#### Prompt
Beginning at the line containing "Gucci GG Marmont" in the material below and ending at the line containing "Pear Wear Μπλουζάκι", return each line exactly and add nothing.

Records for this exercise Block Start

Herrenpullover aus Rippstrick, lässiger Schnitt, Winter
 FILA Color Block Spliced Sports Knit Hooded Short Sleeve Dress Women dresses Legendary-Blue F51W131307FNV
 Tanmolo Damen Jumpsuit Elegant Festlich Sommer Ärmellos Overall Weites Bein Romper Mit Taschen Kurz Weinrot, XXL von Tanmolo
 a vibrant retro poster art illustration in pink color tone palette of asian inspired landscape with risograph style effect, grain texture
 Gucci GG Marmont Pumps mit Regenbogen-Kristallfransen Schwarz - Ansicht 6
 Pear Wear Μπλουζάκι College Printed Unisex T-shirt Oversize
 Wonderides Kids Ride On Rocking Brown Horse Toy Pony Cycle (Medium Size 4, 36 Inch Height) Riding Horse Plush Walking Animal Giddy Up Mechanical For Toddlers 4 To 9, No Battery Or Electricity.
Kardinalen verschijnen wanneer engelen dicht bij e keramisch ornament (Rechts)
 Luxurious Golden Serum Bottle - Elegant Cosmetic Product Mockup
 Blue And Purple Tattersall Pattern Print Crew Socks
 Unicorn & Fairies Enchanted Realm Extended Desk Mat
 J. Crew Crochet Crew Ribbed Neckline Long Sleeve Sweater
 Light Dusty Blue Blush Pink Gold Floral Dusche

Records for this exercise Block End

#### Solution
 Gucci GG Marmont Pumps mit Regenbogen-Kristallfransen Schwarz - Ansicht 6
 Pear Wear Μπλουζάκι College Printed Unisex T-shirt Oversize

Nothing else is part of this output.